LONDON, Oct 9 (Reuters Point Carbon) – Sweden will buy 500,000 U.N.-backed carbon offsets from a clean cookstove project in Ghana over the next three-to-four years, the developer of the scheme said late Tuesday.
Sweden’s Energy Agency will pay for the credits once they have been issued by the U.N., said Tom Morton, director of Climate Care, adding that the company will apply to the U.N. for the Certified Emission Reductions (CERs) in the first quarter of next year.
“Sweden wants to support projects that have real community benefits as well as reducing CO2,” he said.
He would not reveal the exact price of the deal but said Sweden will pay more than the current price for CER credits on the secondary market.
The value of exchange-traded CERs has sunk to around 60 cents from over 20 euros five years ago, after countries failed to agree a global climate pact that would have spurred demand.
But developers of cookstove projects say their permits command a premium because the projects also help curb air pollution and reduce health risks, while helping poor households cut their cooking fuel bills.
Some 8 million tonnes of offsets generated by clean cookstoves were sold to compliance buyers at an average price of $9.30 each in 2012, according to a report commissioned at the end of September by the Global Alliance for Clean Cookstoves.
Under the Ghanaian scheme, Climate Care and its partner BioCarbon, which lists Macquarie Bank and the International Finance Corporation as shareholders, will install around 35,000 stoves in households in the country, Morton said.
Sweden has bought 19 million U.N.-backed carbon credits since 2002, and said earlier this year it plans to purchase another 21 million by the end of the decade.
“The Swedish government is committed to purchasing CERs from projects that have measurable outcomes for their host communities and where a fair carbon price is central to the project’s success,” Christian Sommer from the Swedish Energy Agency said in a press release on Wednesday.

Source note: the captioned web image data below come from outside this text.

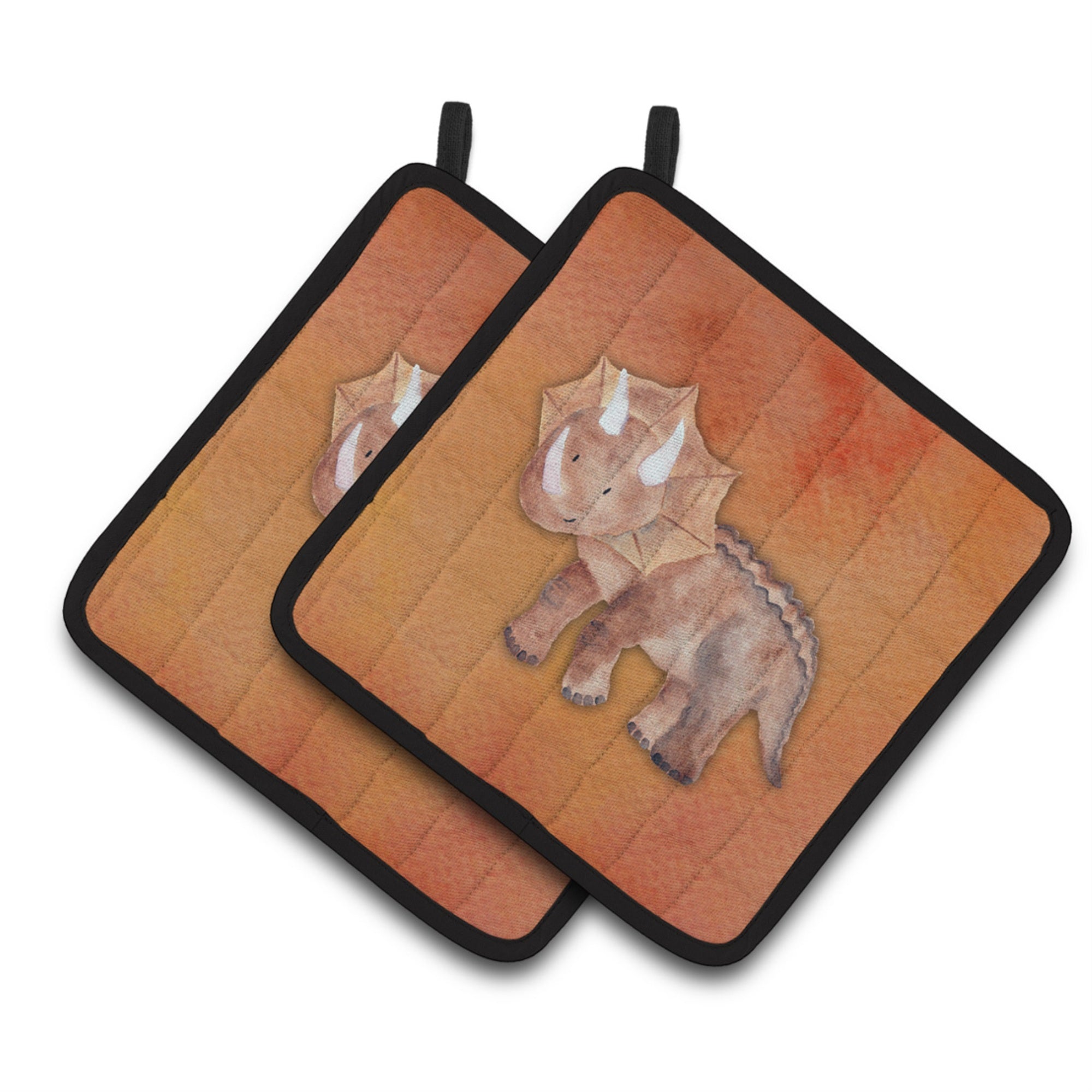 'Caroline'S Treasures Triceratops Watercolor Decorated Pot Holder, 7.5'''' X 7.5'''', Multicolor''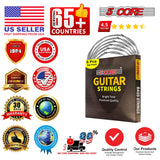 5 Core Bass Guitar Strings Brass Phosphor Bronze Extra Light Gauge Bright Tone 6 String Set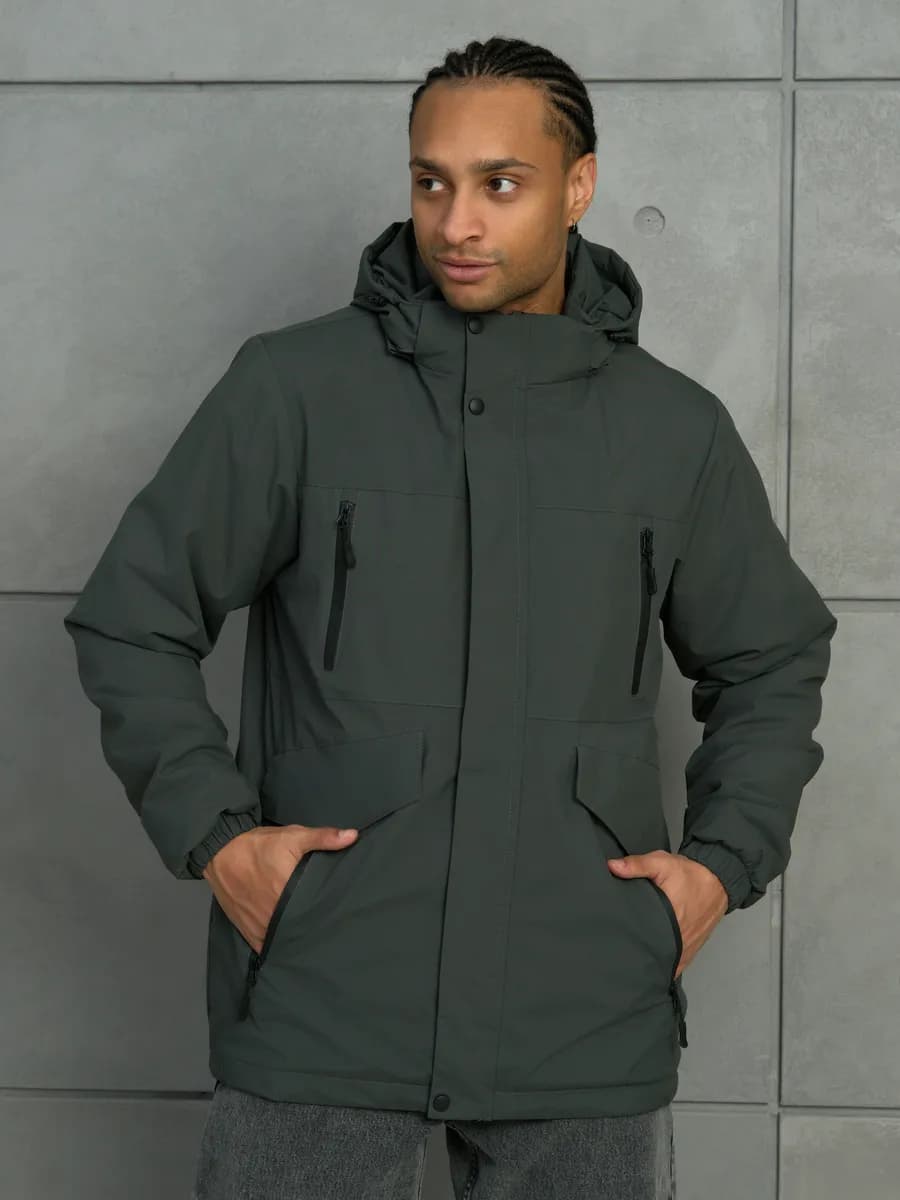 Куртка демисезонная с капюшоном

Sweden’s comments mark a growing trend among governments.
Norway, earlier this year said it would only buy credits from projects dependent on carbon finance, ruling out wind and hydro schemes.
Sweden outpaced its emission reduction targets under the 2008-2012 first commitment phase of the Kyoto Protocol, but plans to use the offsets towards a self-imposed goal to cut emissions from transport, agriculture and buildings by 40 percent under 1990 levels by 2020.